# BU.330.775 Machine Learning: Design and Deployment
## Lab 4. Model evaluation on MNIST dataset
Jinge Zhou

**Learning Goal:** Evaluate multiple supervised machine learning approaches on the MNIST database

**Background:** The MNIST dataset consists of handwritten digits with 784 features. This dataset was contributed by Yann LeCun, Corinna Cortes, and Christopher J.C. Burges.

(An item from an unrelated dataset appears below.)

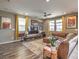 Spacious living room featuring hardwood floors, modern decor, and lots of natural light at 2936 Aragon Terrace Way, Henderson, NV 89044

## Setup: Import Libraries and Set Default Plot Parameters

In [None]:
import matplotlib.pyplot as plt
import numpy as np

# Set up default font sizes for plots
plt.rc('font', size=14)
plt.rc('axes', labelsize=14, titlesize=14)
plt.rc('legend', fontsize=14)
plt.rc('xtick', labelsize=10)
plt.rc('ytick', labelsize=10)

## Step 1: Load and Explore the MNIST Dataset

In [None]:
from sklearn.datasets import fetch_openml

# Load MNIST dataset
mnist = fetch_openml('mnist_784', as_frame=False)
X, y = mnist.data, mnist.target

print("Shape of X (features):", X.shape)
print("Shape of y (labels):", y.shape)
print("\nFirst 10 labels:", y[:10])

## Step 2: Visualize Sample Digits

In [None]:
def plot_digit(image_data):
    """Display a single digit image."""
    image = image_data.reshape(28, 28)
    plt.imshow(image, cmap="binary")
    plt.axis("off")

# Display first 100 images in a 10x10 grid
plt.figure(figsize=(9, 9))
for idx, image_data in enumerate(X[:100]):
    plt.subplot(10, 10, idx + 1)
    plot_digit(image_data)
plt.subplots_adjust(wspace=0, hspace=0)
plt.show()

## Step 3: Split Data into Training and Testing Sets

In [None]:
# Use first 60,000 images for training, remaining 10,000 for testing
X_train, X_test, y_train, y_test = X[:60000], X[60000:], y[:60000], y[60000:]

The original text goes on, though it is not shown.